El nombre de Eric Hobsbawm representa para quienes nos identificamos con el mundo de la Historia en alguna de sus formas una referencia ineludible. Somos muchos los que tuvimos nuestros primeros coqueteos con el pasado histórico a partir de algunas de sus obras, regaladas como estímulo ante alguna muestra de interés o encontradas en alguna biblioteca familiar.
Hombre público, historiador total. Su práctica política y su compromiso intelectual se entrelazaron hasta hacerse indistinguibles durante sus 95 años de vida. Deja una huella imborrable en todos aquellos que antes o después se acercaron a su trabajo.

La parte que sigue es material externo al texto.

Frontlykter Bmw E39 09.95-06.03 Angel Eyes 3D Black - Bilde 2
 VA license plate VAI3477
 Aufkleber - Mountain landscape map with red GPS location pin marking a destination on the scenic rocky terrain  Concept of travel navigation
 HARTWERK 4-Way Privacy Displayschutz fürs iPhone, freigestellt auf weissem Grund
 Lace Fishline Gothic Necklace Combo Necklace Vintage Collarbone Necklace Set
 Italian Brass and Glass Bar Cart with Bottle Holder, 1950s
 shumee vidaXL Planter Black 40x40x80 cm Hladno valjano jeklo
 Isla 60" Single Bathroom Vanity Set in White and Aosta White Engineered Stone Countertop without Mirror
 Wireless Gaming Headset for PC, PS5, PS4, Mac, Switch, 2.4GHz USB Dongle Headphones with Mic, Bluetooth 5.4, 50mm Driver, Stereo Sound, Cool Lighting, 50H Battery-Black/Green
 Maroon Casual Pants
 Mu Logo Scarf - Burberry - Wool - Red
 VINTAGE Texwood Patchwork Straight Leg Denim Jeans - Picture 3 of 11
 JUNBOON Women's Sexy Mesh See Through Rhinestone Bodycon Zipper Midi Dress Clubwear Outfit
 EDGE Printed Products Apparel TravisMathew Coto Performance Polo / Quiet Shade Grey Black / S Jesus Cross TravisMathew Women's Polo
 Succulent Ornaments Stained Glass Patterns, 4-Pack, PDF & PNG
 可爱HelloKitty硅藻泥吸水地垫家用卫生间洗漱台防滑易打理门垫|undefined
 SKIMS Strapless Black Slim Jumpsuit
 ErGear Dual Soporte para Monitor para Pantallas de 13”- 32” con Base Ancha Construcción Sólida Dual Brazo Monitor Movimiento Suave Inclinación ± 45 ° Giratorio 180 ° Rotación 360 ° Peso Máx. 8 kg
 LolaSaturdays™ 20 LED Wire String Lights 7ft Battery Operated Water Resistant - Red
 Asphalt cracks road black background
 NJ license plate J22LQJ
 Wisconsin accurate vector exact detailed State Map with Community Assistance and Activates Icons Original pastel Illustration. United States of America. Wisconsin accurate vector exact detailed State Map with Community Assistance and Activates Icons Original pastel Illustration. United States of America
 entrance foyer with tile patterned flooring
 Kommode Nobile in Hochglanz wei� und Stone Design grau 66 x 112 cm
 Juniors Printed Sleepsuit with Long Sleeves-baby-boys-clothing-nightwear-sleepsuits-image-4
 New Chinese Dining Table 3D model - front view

A este joven de origen judío le tocó en suerte nacer en Alejandría en el año de 1917, aunque pasó la mayor parte de su infancia en la ciudad de Viena, para trasladarse en1931 auna convulsionada Berlín. Allí comenzó su primera experiencia de militancia política en el Sozialistischer Schülerbund (SSB), una organización dependiente del Partido Comunista alemán que nucleaba a estudiantes secundarios. Dos años después, ante el ascenso del terror nazi, tuvo que huir junto a su tío a tierras inglesas, donde completó su formación secundaria y obtuvo la posibilidad de realizar sus estudios universitarios en el King’s College de la Universidad de Cambridge. Fue en ese marco, según él mismo revelaría, donde despertaron a un tiempo su pasión por el pasado y la voluntad de tomar un compromiso activo y definitivo en la vida política.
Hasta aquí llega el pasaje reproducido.